An open letter to The Economist

Paul Marks, as regular readers know, regards the Economist as a sort of bellweather of conventional (ie, frequently wrong) wisdom. The magazine recently carried this editorial on the supposed inadequacies of the US political Right.

He sent this letter to the magazine. Somehow, I think they are unlikely to run it, but we can:

Dear Sir,

In your current edition you have as the main cover story an attack upon the “American right”. In reality, of course, it is not the fact that the people you attack are American that causes you to hate them – you hate them (and attack them in the most abusive terms you can) because they commit the dreadful crime of not agreeing with you.

You hate the British “right” just as much as you hate the American “right” – with “right” really being defined as people who do not support endless bailouts, corrupt “stimulus” government spending, and corporate welfare (such as the Central Bank producing more credit money and issuing it in various sweetheart loan forms to politically connected financial sector enterprises).

I am not really interested in the fact that you use abusive language (“mad” and so on) and cartoons against people whose only crime is to have different political opinions to yourselves, after all I have used abusive language (such as “corrupt”) to describe your editor, Mr John Micklethwait, and the only reason I have never drawn an abusive cartoon of him is that I can not draw.

No, what interests me is your claim that America needs a “better opposition” to President Barack Obama – and your implied claim that you should be the guide to such an opposition.
I could simply say that your American sales do not really compare very well to those of the people you attack (such as Sarah Palin or, of course, the evil common-as-muck Glenn Beck), but you would dismiss that as “vulgar commercialism” the sort of thing the “corporate leaders” you claim to speak for in your article, despise.
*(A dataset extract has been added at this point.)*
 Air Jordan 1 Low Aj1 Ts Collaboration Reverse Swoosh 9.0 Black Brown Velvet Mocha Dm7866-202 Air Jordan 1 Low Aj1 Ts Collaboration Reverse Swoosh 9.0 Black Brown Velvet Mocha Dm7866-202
And I have no doubt that you would be partly correct – for example I remember the head of General Electric’s European operations sneering that in the past companies had been obsessed with “customers” whereas “we are the partners of governments”. Sadly I suspect there are many high corporate managers who are like this – although, hopefully, not a majority even in these times. However, my objection is a more basic one. What standing do you have to claim to be a guide to an opposition to President Barack Obama?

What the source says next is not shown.